Finally, this final rule makes two minor clarifications to
paragraph S8. First we are italicizing the title ``Test procedure for
on-board electrical isolation monitoring system'' to clarify that it is
a title. Second, we are revising the term ``high voltage system to the
propulsion motor(s)'' in S8 subparagraph (2) to ``electric energy
storage/conversion system to the propulsion system.'' This is also a
typographical error because the terms ``high voltage system'' and
``propulsion motor'' are definitions that were replaced by ``electric
energy storage/conversion system'' and ``propulsion system'' in the
2011 final rule. Thus, the terms ``high voltage system'' and
``propulsion motor'' are not defined in FMVSS No. 305 and it should be
clear
[[Page 2324]]
that the agency intended to use the updated definitions for paragraph
S8 in the 2011 final rule. Thus, we are updating these terms in
paragraph S8 and we do not believe that this is a substantive change to
the standard.
V. Rulemaking Analyses and Notices
Executive Order 12866, Executive Order 13563, and DOT Regulatory
Policies and Procedures
NHTSA has considered the impact of this rulemaking action under
Executive Order 12866, Executive Order 13563, and the Department of
Transportation's regulatory policies and procedures. This rulemaking
document was not reviewed by the Office of Management and Budget under
E.O. 12866, ``Regulatory Planning and Review.'' It is not considered to
be significant under E.O. 12866 or the Department's Regulatory Policies
and Procedures (44 FR 11034; February 26, 1979). NHTSA has determined
that the effects of this final rule are minor and that a regulatory
evaluation is not needed to support the subject rulemaking. This final
rule only makes slight changes to the regulatory text of the July 29,
2011 final rule to add clarification and does not impose significant
costs beyond those already required by the July 29, 2011 final rule.

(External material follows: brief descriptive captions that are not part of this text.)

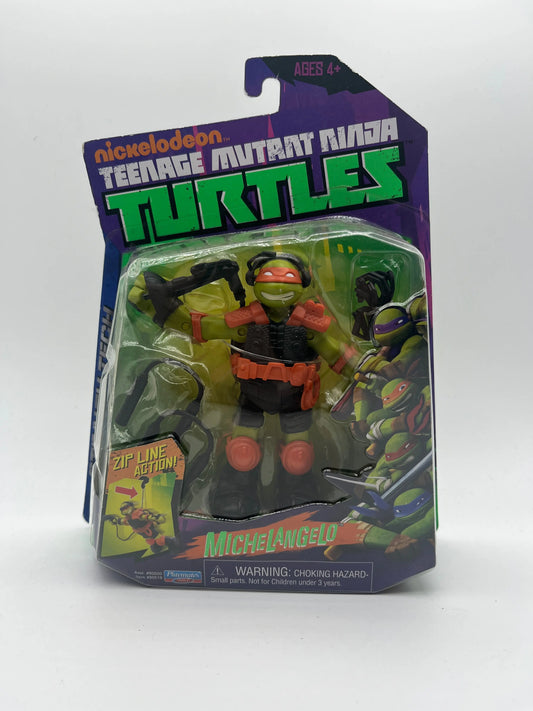 Year 2013 Teenage Mutant Ninja Turtles TMNT 5" Figure Stealth Tech MICHELANGELO FRENLY BRICKS - Open 7 Days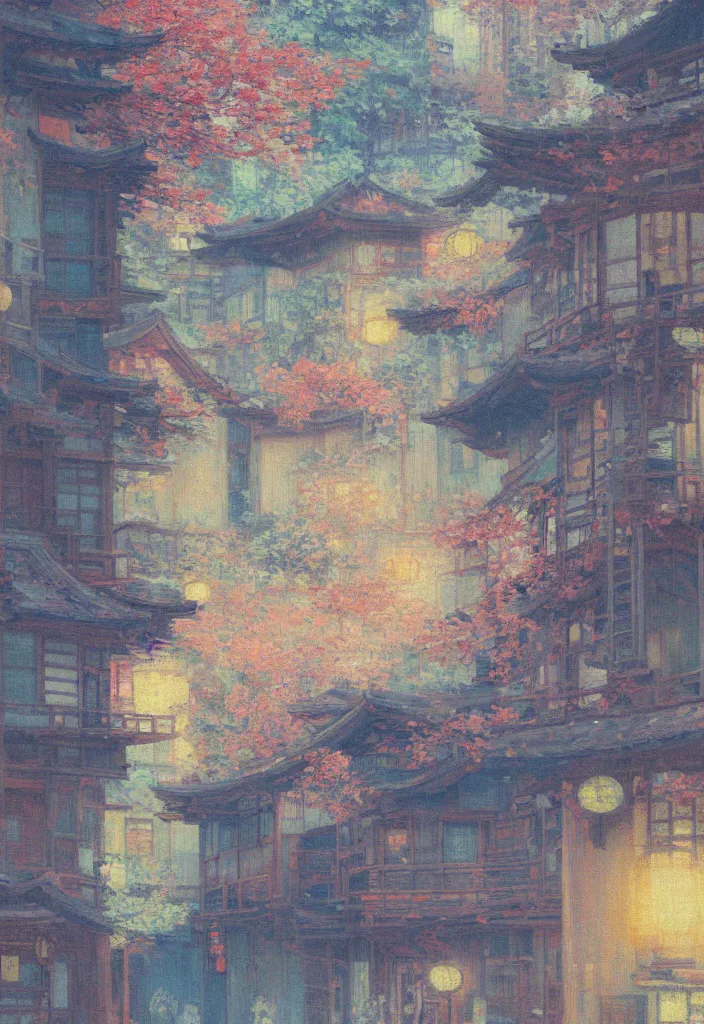 Image similar to a beautiful japanese city near the sea, amazing ryokans and gorgeous edo era houses, cyberpunk, lofi vibe, colorful, vivide colors, oil painting in impressionist style, by jeremy lipkin, by claude monet, by makoto shinkai, multiple brush strokes, inspired by ghibli, masterpiece, beautiful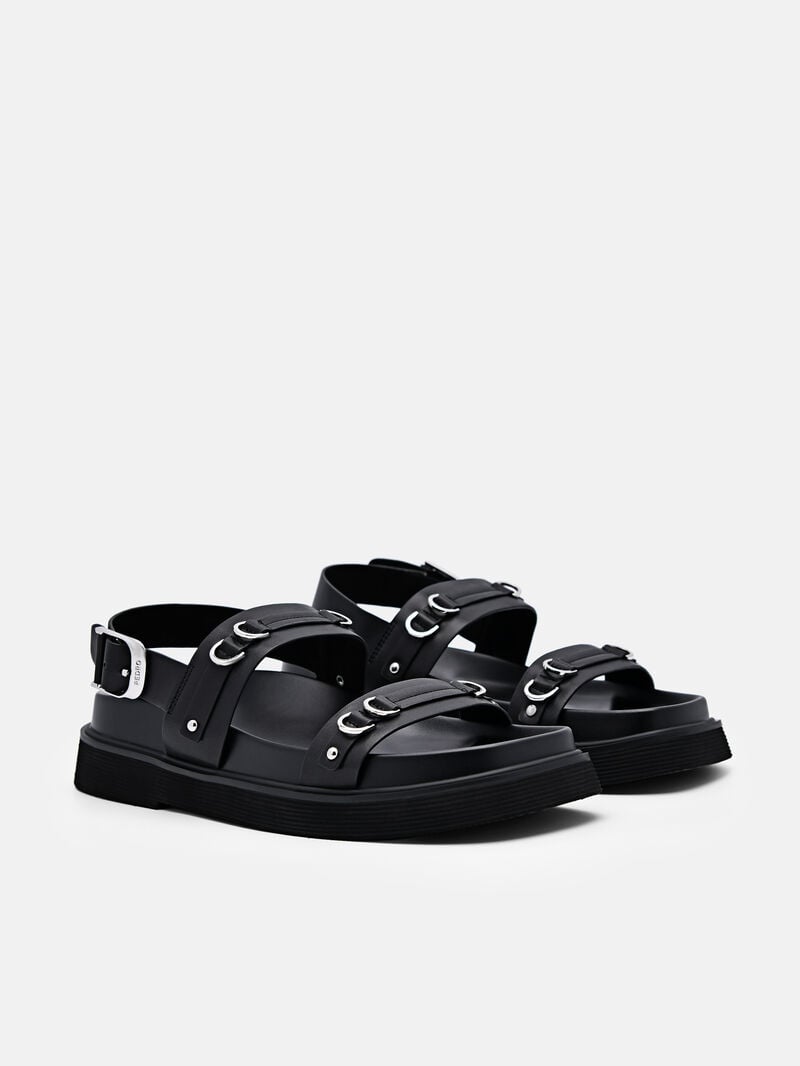 Pedro Helix Slingback Sandals Women Flats Black | Q9Q-2545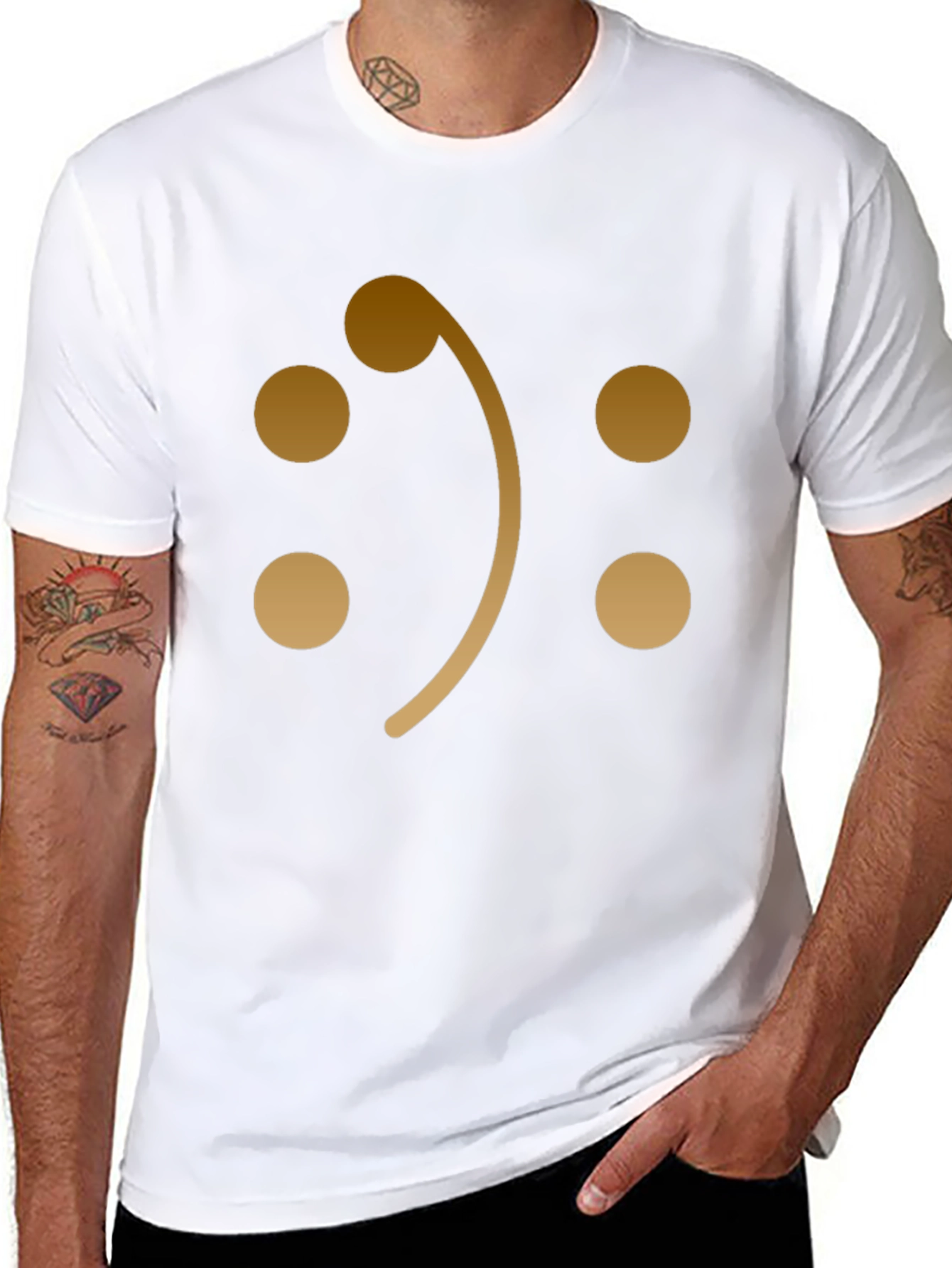 Bass Clef Smiley Face Graphic T-Shirt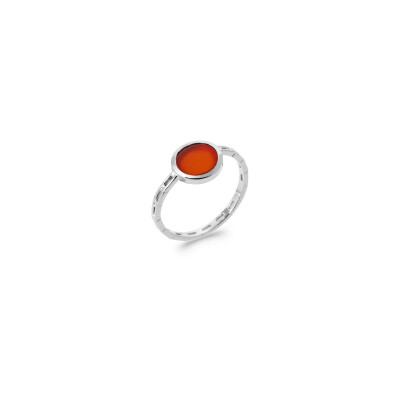 Bague en argent rhodié et agate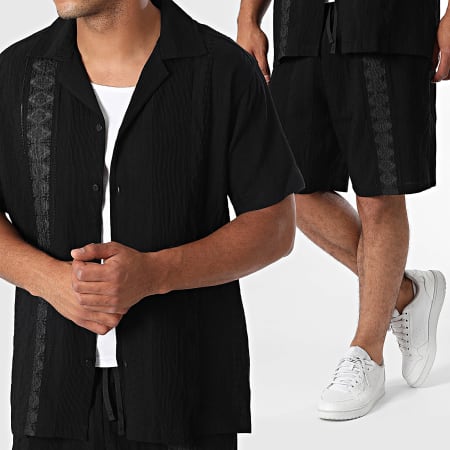 2Y Premium - Conjunto de camisa negra de manga corta y pantalón corto de jogging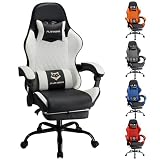 Play haha.Silla Gaming Silla de Oficina Silla Giratoria Silla de Ordenador Silla de Tareas Silla de Escritorio Silla Ergonómica Silla de Carreras Silla de Cuero Silla (Blanco con Reposapiés)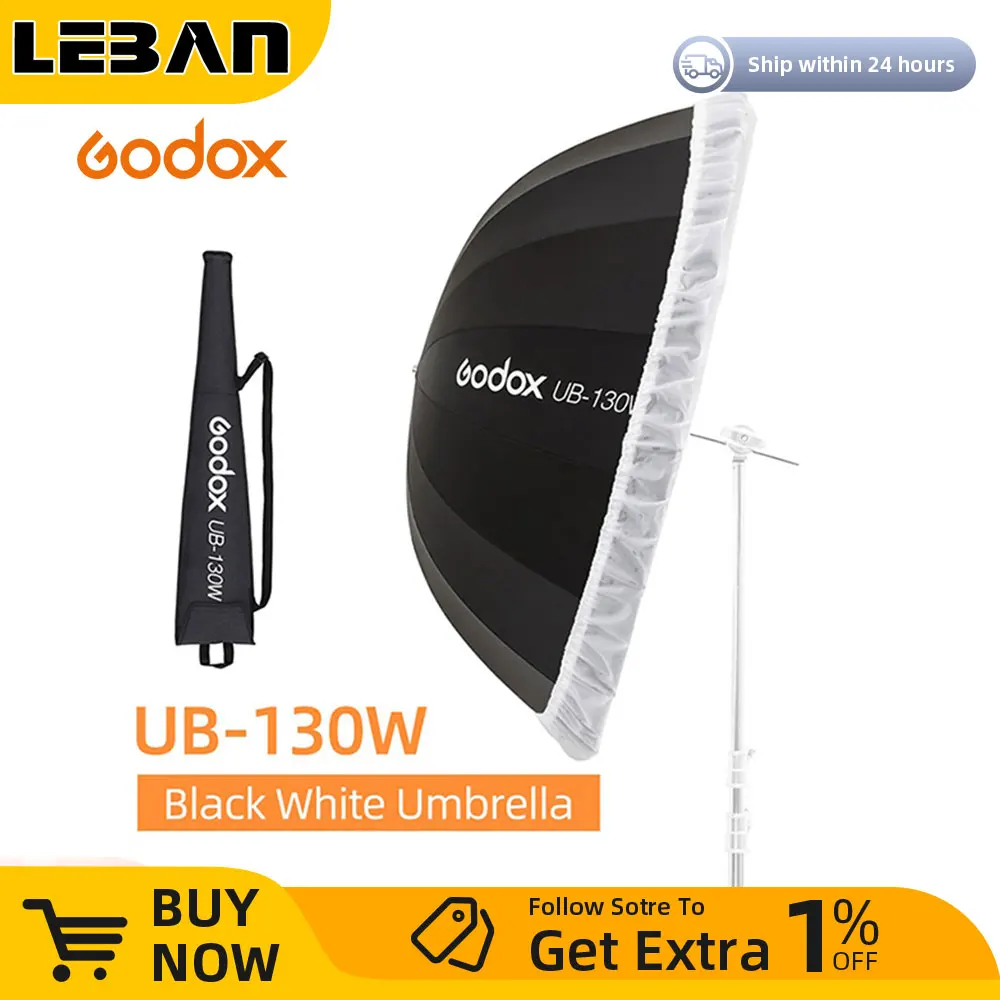 Godox UB-130W 51in 130cm 파라볼 릭 블랙 화이트 반사 우산 스튜디오 라이트 우산 블랙 실버 디퓨저 커버 천
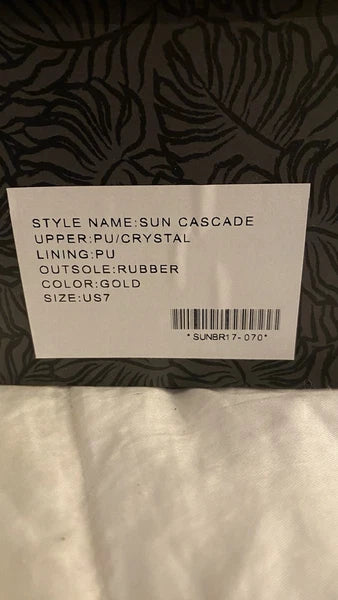 Fibi & Clo Women’s Size 7 SUN CASCADE Sandals Brown & Gold New In Box W/Dust Bag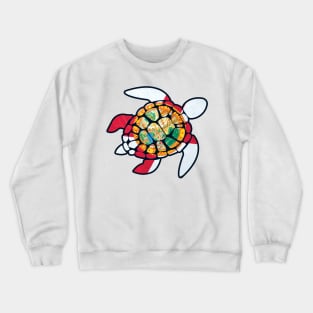 Sea Turtle Florida Flag Plastic Free Save The Sea Colorful Rainbow Turtles Crewneck Sweatshirt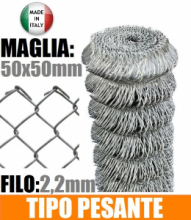 25mt-ROTOLO RETE METALLICA ZINCATA "MAGLIA SCIOLTA"-TIPO PESANTE - H 225 cm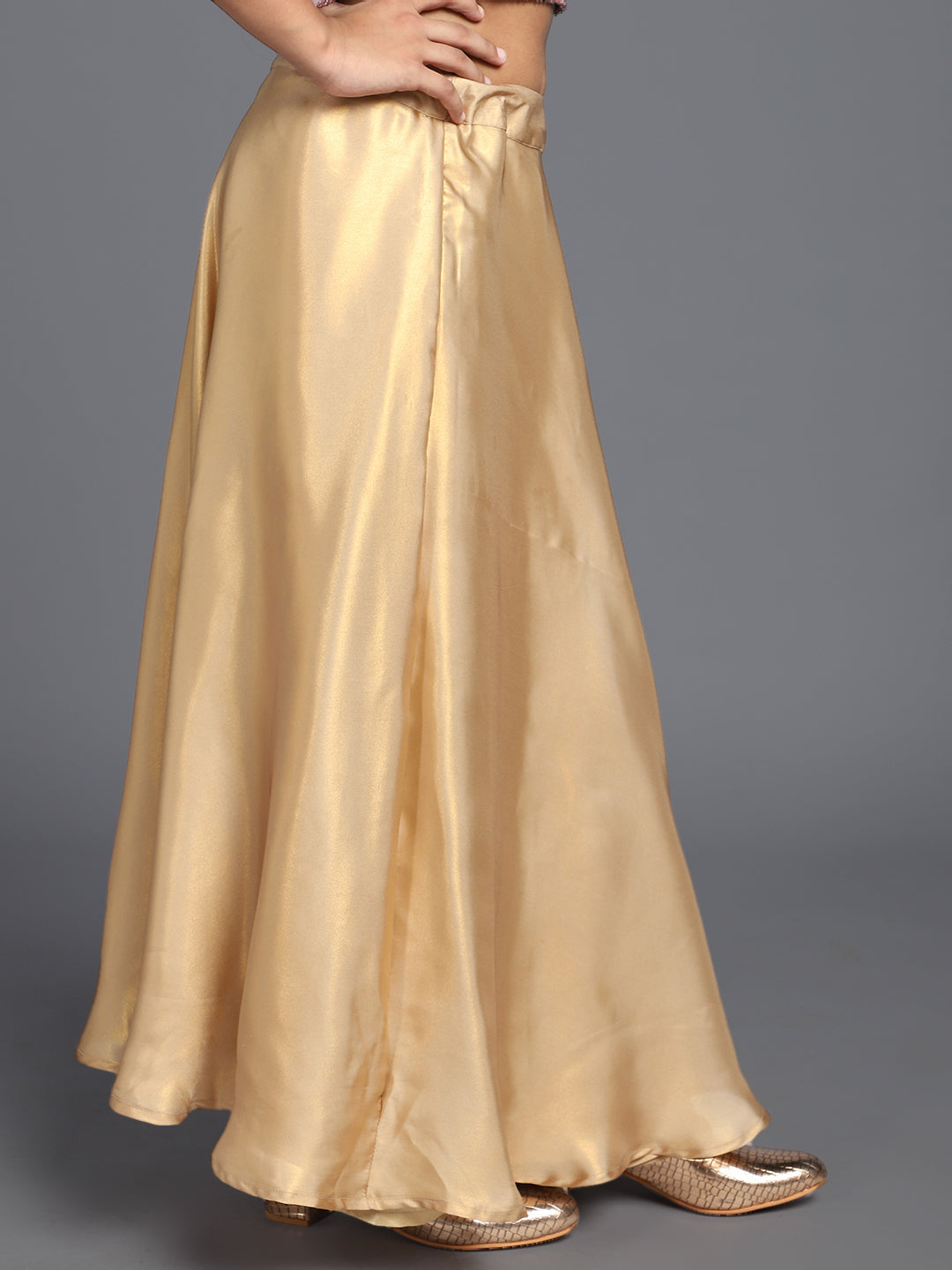 Gold Flared Skirt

Regulatory Flexibility Act
Pursuant to the Regulatory Flexibility Act (5 U.S.C. 601 et seq.,
as amended by the Small Business Regulatory Enforcement Fairness Act
(SBREFA) of 1996), whenever an agency is required to publish a notice
of proposed rulemaking or final rule, it must prepare and make
available for public comment a regulatory flexibility analysis that
describes the effect of the rule on small entities (i.e., small
businesses, small organizations, and small governmental jurisdictions).
No regulatory flexibility analysis is required if the head of an agency
certifies the rule will not have a significant economic impact on a
substantial number of small entities. SBREFA amended the Regulatory
Flexibility Act to require Federal agencies to provide a statement of
the factual basis for certifying that a rule will not have a
significant economic impact on a substantial number of small entities.
NHTSA has considered the effects of this final rule under the
Regulatory Flexibility Act. I certify that this final rule does not
have a significant economic impact on a substantial number of small
entities. Any small manufacturers that might be affected by this final
rule are already subject to the requirements of FMVSS No. 305.
Executive Order 13132 (Federalism)
NHTSA has examined this final rule pursuant to Executive Order
13132 (64 FR 43255; Aug. 10, 1999) and concluded that no additional
consultation with States, local governments, or their representatives
is mandated beyond the rulemaking process. The agency has concluded
that the final rule does not have sufficient federalism implications to
warrant consultation with State and local officials or the preparation
of a federalism summary impact statement. The final rule does not have
``substantial direct effects on the States, on the relationship between
the national government and the States, or on the distribution of power
and responsibilities among the various levels of government.'' This
final rule does not impose substantial additional requirements.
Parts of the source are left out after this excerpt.